Krieg im Nahen Osten Wieder Angriff auf Flüchtlingszeltlager – Israel rückt mit Panzern in Rafah vor

Eine israelische Soldatin sitzt auf einem Panzer
Ein israelischer Panzer nahe der Grenze zum Gazastreifen
© Tsafrir Abayov / AP / DPA
Trotz des verheerenden Luftangriffs auf Rafah, bei dem 45 Menschen ums Leben kamen, sind israelische Truppen weiter in die Stadt vorgedrungen – laut Augenzeugen auch mit Panzern. Offenbar wurde erneut ein Zeltlager für Flüchtlinge beschossen.
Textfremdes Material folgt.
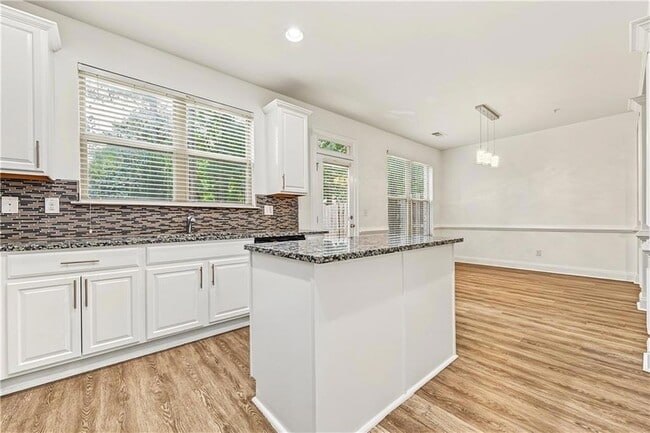 Building Photo - 2038 Brightleaf Way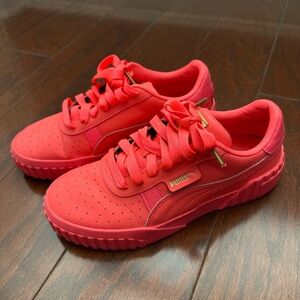 Puma Cali 80’s hot pink shoes
Lightly used, worn twice
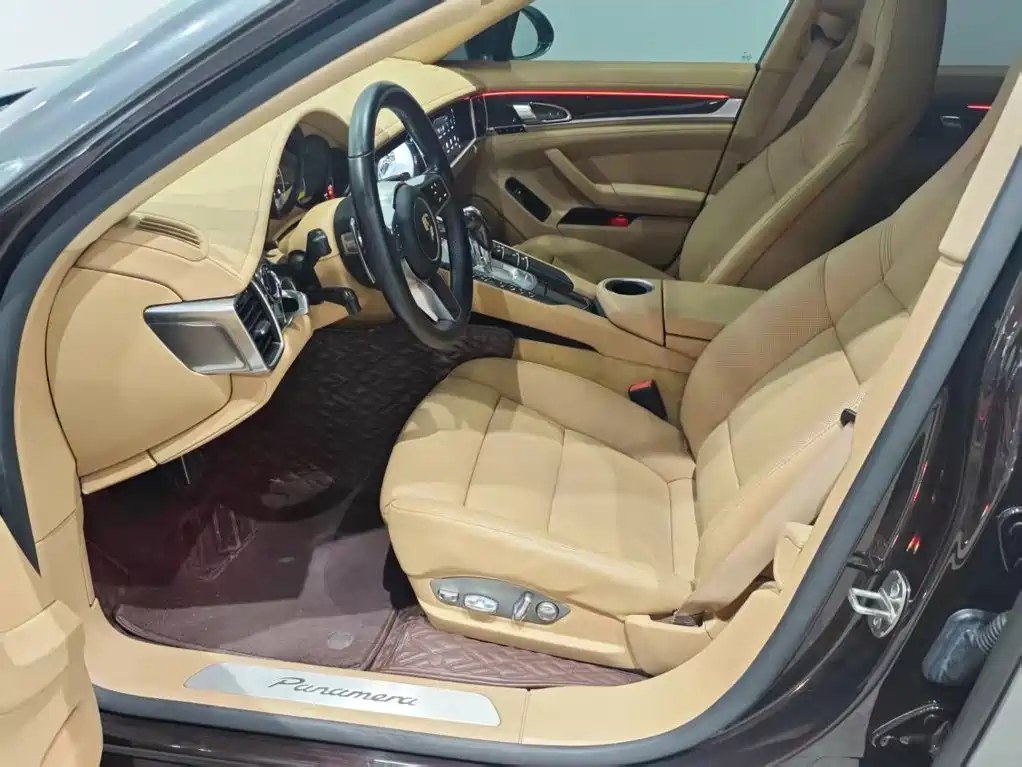 Porsche Panamera 2015 — фото 11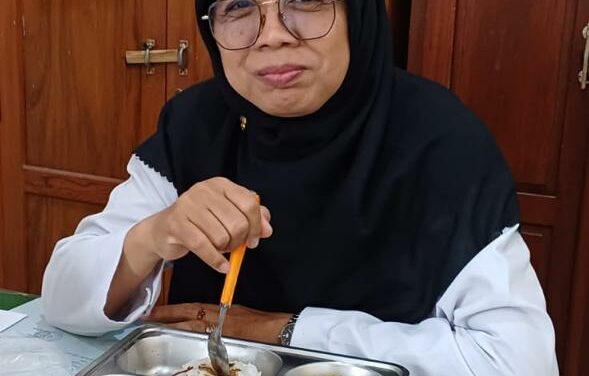 Senyum Guru MTsN 10 Sleman Sambut Distribusi  Perdana Makan Bergizi Gratis (MBG) bagi Guru dan Tendik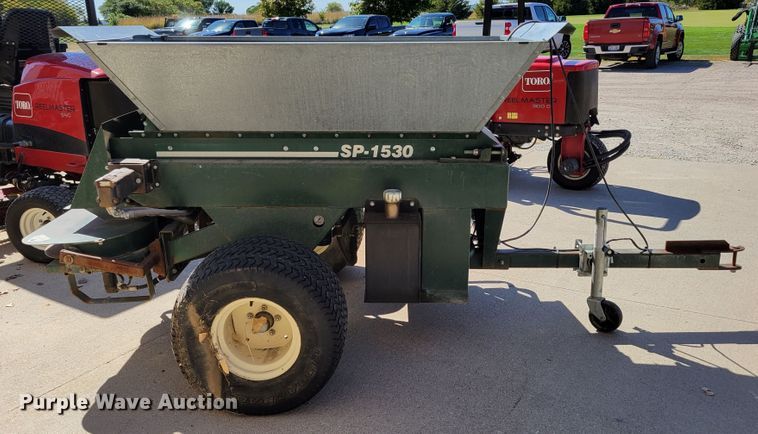 image for item JZ9134 Turfco SP-1530  top dresser spreader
Bei erneuten israelischen Angriffen auf ein Zeltlager von Kriegsflüchtlingen am westlichen Stadtrand von Rafah sind nach Angaben der Gesundheitsbehörde im Gazastreifen mindestens sieben Menschen getötet worden. Dutzende Palästinenserinnen und Palästinenser seien verletzt worden. Die Angriffe hätten Zelten vertriebener Familien in einem als humanitäre Zone ausgewiesenen Gebiet in Mawasi bei Rafah gegolten, berichten Sanitäter und Anwohner.

Israelische Panzer im Stadtzentrum vom Rafah

Israelische Bodentruppen sind nach Augenzeugenberichten aus Rafah tiefer in die Stadt im Süden des Gazastreifens vorgedrungen. Demnach wurden Truppen auch im Stadtzentrum gesichtet. Die israelische Nachrichtenseite ynet berichtete unter Berufung auf Quellen in Rafah, es seien in dem Stadtviertel Tal al-Sultan israelische Panzer im Einsatz. Dort seien Bodentruppen bisher nicht gewesen. Auch die Nachrichtenagentur AFP berichtete dies unter Berufung auf Augenzeugen. Vonseiten der israelischen Armee gab es zunächst keine Bestätigung dieser Berichte. 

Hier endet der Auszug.